On peut comprendre l’exaspération d’une partie de l’opinion européenne: quand on est au chômage, que son niveau de vie plonge et que rien ne se fait en Europe parce que l’Allemagne ne le veut pas, on peut être tenté de prêter une oreille complaisante aux discours anti-européens et anti-allemands. Et cette situation est préoccupante. Elle va demander beaucoup de sang-froid à nos dirigeants au cours des prochains mois.
La zone euro plus fragile que jamais
Même si l’on désapprouve la politique d'Angela Merkel, on doit se méfier des conséquences de manifestations anti-allemandes ou de pressions trop appuyées sur la chancelière: la conséquence pourrait fort bien en être une radicalisation de l’opinion publique allemande et son opposition à toute forme de solidarité européenne. Pour l’instant, les Allemands se montrent encore majoritairement favorables à l’euro; cela pourrait changer si le climat devenait trop franchement hostile à leur égard.
En apparence, la zone euro n’est plus en crise, mais elle plus fragile que jamais: son seul ciment est la crainte de l’inconnu en cas de l’éclatement de la monnaie unique, mais le sentiment d’une communauté de destin en Europe n’a jamais été aussi faible. Le moindre dérapage peut avoir des conséquences incalculables. François Hollande et Jean-Marc Ayrault peuvent et doivent, en tête-à-tête, discuter fermement avec Angela Merkel, mais en public, l’accord doit apparaître sans faille. Si l’axe franco-allemand cassait maintenant, l’Europe serait en grand danger.
Il faut être clair: personne n’a intérêt à aller jusqu’à la rupture.
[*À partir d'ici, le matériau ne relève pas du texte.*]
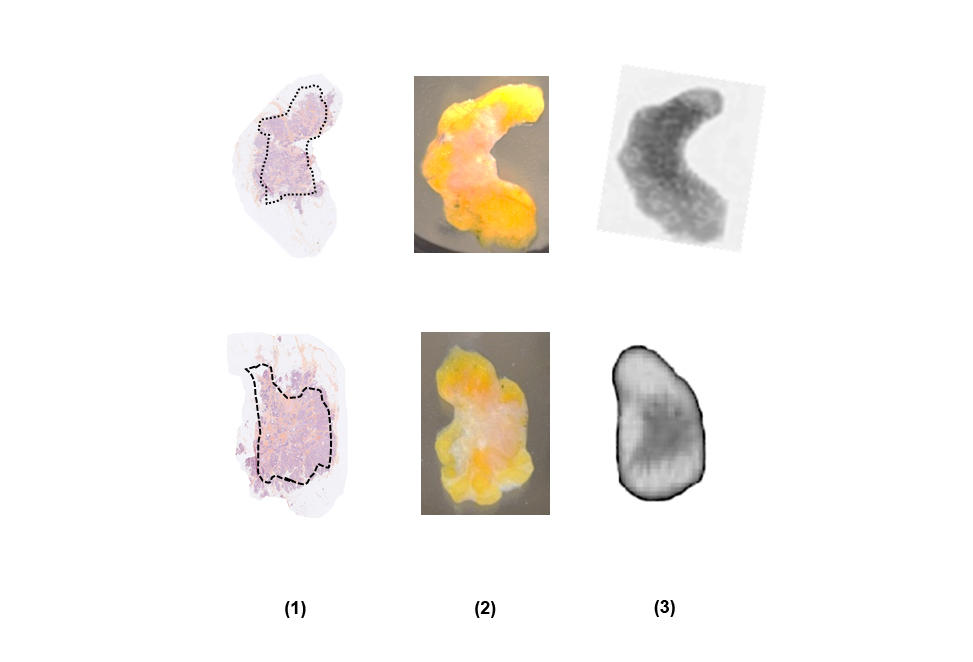 Echantillons de tissu mammaire humain vus après traitement avec une coloration histopathologique (I) révélant les régions cancéreuses (entourées de pointillés)  , à l’œil nu (II) et avec une caméra terahertz (III).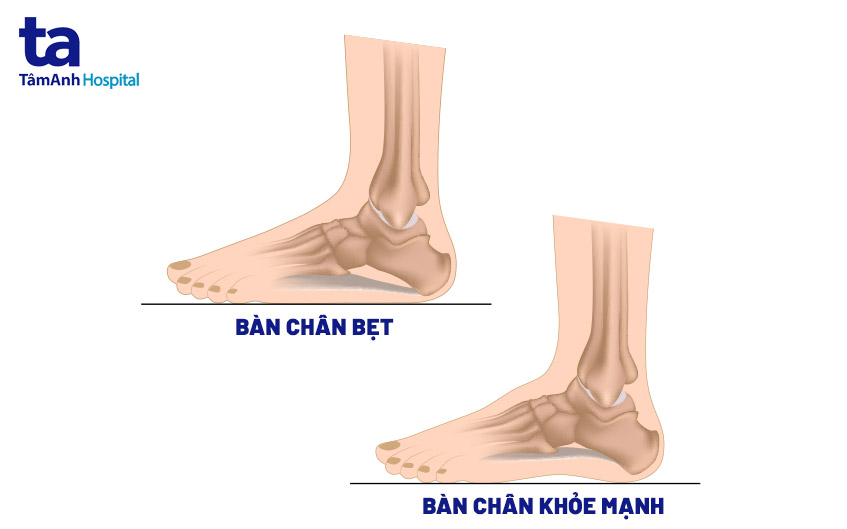 Bàn Chân Bẹt Ở Người Lớn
Mais, dans le même temps, il est inacceptable qu’un Etat bloque des décisions qui seraient urgentes du seul fait du calendrier électoral de ses dirigeants. La crise révèle ainsi les faiblesses de l’Union monétaire.
La seule solution est d’avancer sur la voie de la souveraineté partagée en ce qui concerne la régulation des banques, le réglage des politiques budgétaires et les politiques de croissance. C’est exactement ce que propose le Conseil d’analyse économique au Premier ministre.
Un jour ou l’autre, cela nécessitera une modification des traités européens, mais on peut déjà beaucoup progresser dans les prochains mois sans attendre les élections allemandes. De toute façon, il ne faut pas se faire d’illusion: le problème d’une autre politique soulevé par certains en France n’a aucun sens s’il n’est pas replacé dans le cadre européen. A moins d’avoir envie de recommencer les erreurs de 1981.
Bref, les Allemands sont agaçants et la politique imposée par Angela Merkel a besoin d’être sérieusement revue. Mais on ne fera rien sans l’Allemagne, ni contre elle.